Is that extra bite of red meat really going to kill you? If it's your fourth ounce in a day, it might.
People who eat the most red meat daily (about four ounces) are about a third more likely to die over a given decade than those who eat the least (about 19 grams), according to new research set to be published tomorrow in the Archives of Internal Medicine. Conversely, those who eat the most white meat have an 8 percent lower risk of dying compared with people who eat the least.
The findings are based on the eating habits of half a million men and women who were followed for 10 years by scientists at the National Cancer Institute (NCI). The researchers did not calculate the absolute risk of dying based on a red-meat vs. white-meat diet, co-author Rashmi Sinha, a senior investigator there, tells ScientificAmerican.com. But she writes that if everyone lowered his or her red meat intake to 19 grams a day or less, 11 percent fewer men and 16 percent fewer women would die.

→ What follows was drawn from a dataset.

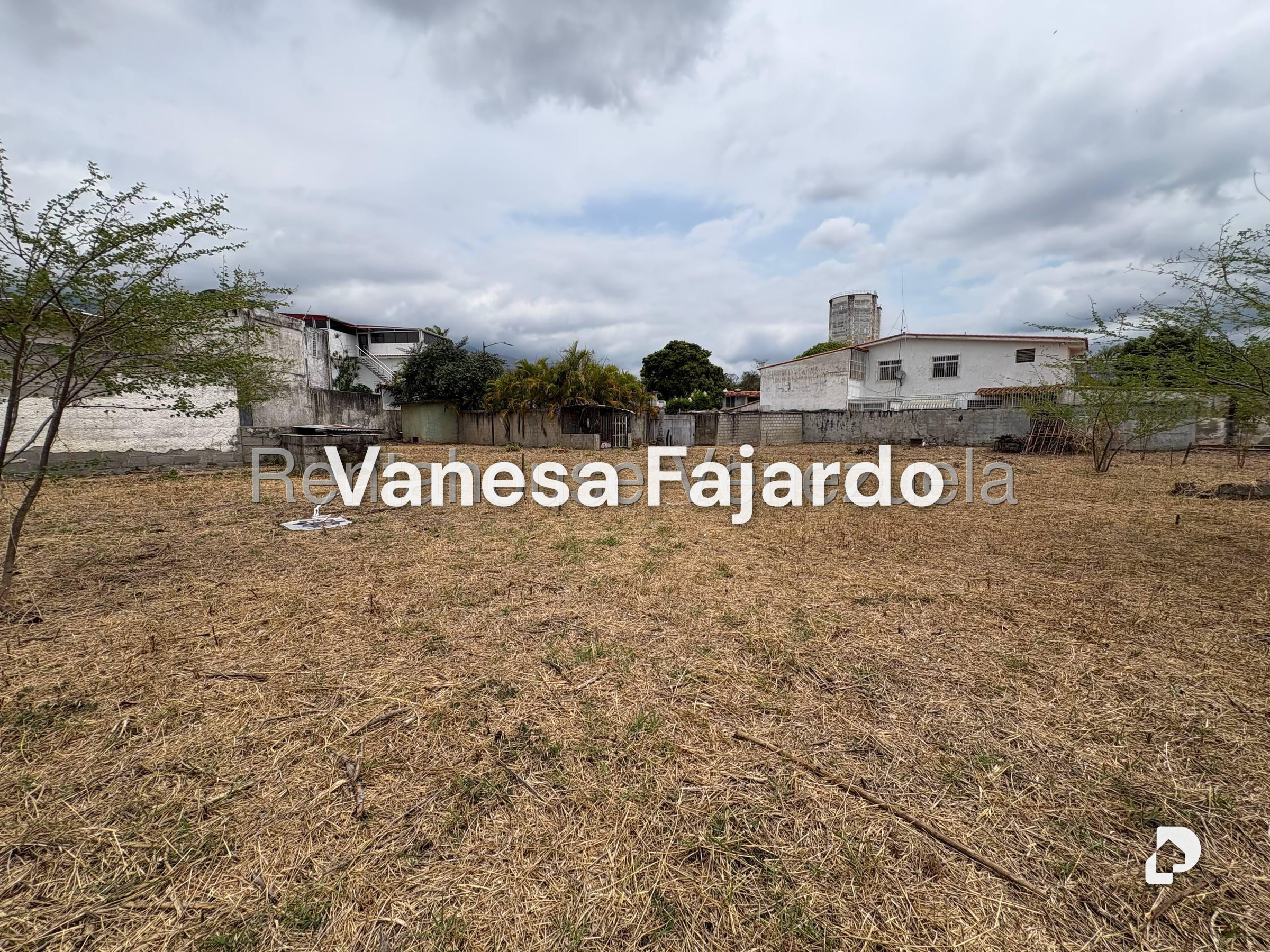 Terreno en Macaracuay, Caracas – 16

It's unknown why white meat may protect against death, and the relationship between red meat and dying isn’t entirely clear, Sinha says. But she notes that cooking red meat at high temperatures forms carcinogens including heterocyclic amines (chemicals that form when amino acids and creatine, a compound important to muscle energy, react) and polycyclic aromatic hydrocarbons (chemicals formed during grilling). In addition, Sinha says, iron in the meat may increase cell damage and the creation of N-nitroso compounds, which form from reactions with other chemicals and may be associated with cancer. Red meat also contains saturated fat, which has been linked to an increased risk of heart disease and cancer of the breast and colon.
Updated at 9:55 a.m. March 24 to clarify that increased risk of death is over a 10-year period.